[RECORDS PROVIDED — start]

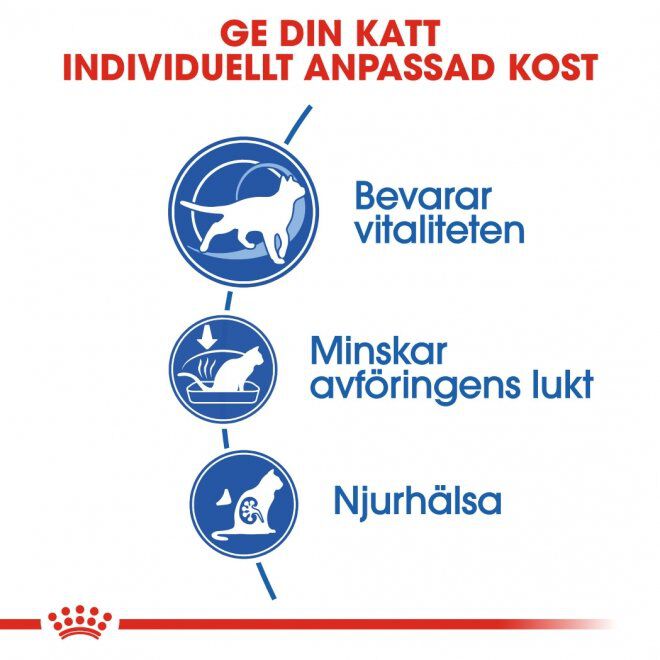 Royal Canin Indoor 7+ Ageing torrfoder för katt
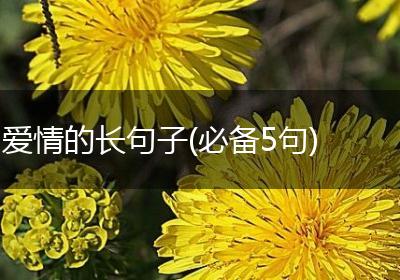 爱情的长句子(必备5句)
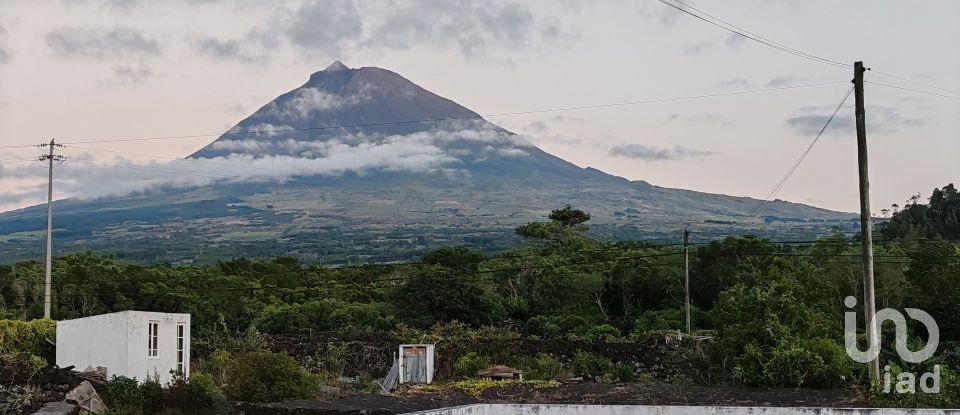 House T3 in Madalena of 293 m²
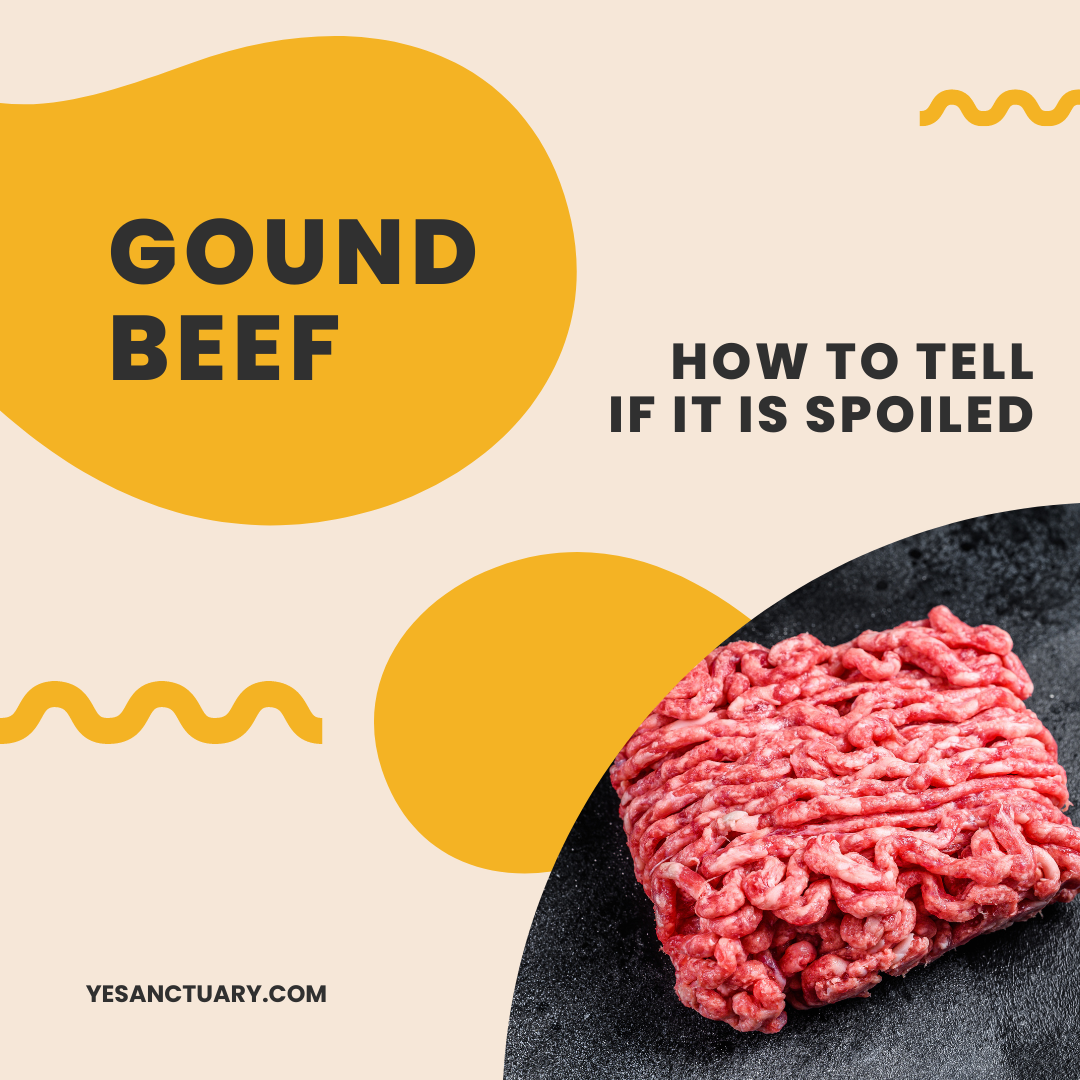 How to Tell If Ground Beef Is Bad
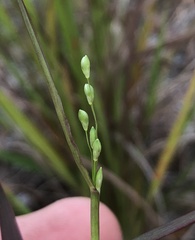 Dichanthelium patentifolium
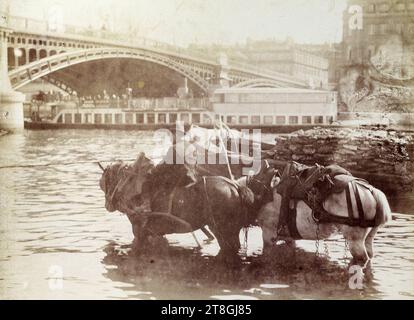 Pferde, die sich in der seine erfrischen, Solférino-Brücke, Quai Anatole-France, 7. Arrondissement, Paris, Atget, Eugène (Jean Eugène Auguste Atget), Fotograf, 1898, Fotografie, Grafik, Fotografie, Albumendruck, Abmessungen - Arbeit: Höhe: 17,5 cm, Breite: 22,1 cm, Abmessungen - Originalbefestigung:, Höhe: 23,8 cm, Breite: 29,7 cm Stockfoto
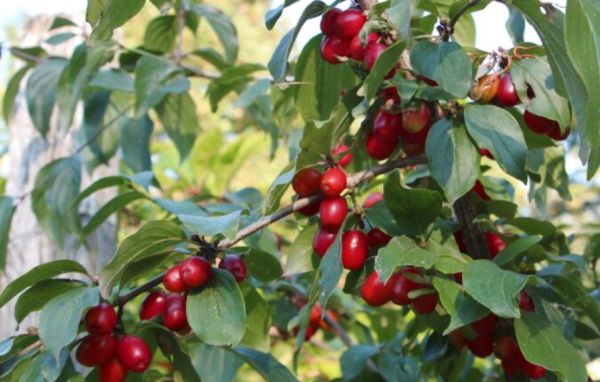 Bio Dirndln (Kornelkirschen) aus Anna Paradeisers Garten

[RECORDS PROVIDED — finish]

WORK ORDER:
With the pictures excluded, transcribe word for word only the lines from the one containing "House T3 in Madalena of 293 m²" through the last line of the records.

OUTPUT OF THE TASK:
 House T3 in Madalena of 293 m²
 How to Tell If Ground Beef Is Bad
 Dichanthelium patentifolium
 Pferde, die sich in der seine erfrischen, Solférino-Brücke, Quai Anatole-France, 7. Arrondissement, Paris, Atget, Eugène (Jean Eugène Auguste Atget), Fotograf, 1898, Fotografie, Grafik, Fotografie, Albumendruck, Abmessungen - Arbeit: Höhe: 17,5 cm, Breite: 22,1 cm, Abmessungen - Originalbefestigung:, Höhe: 23,8 cm, Breite: 29,7 cm Stockfoto
 Bio Dirndln (Kornelkirschen) aus Anna Paradeisers Garten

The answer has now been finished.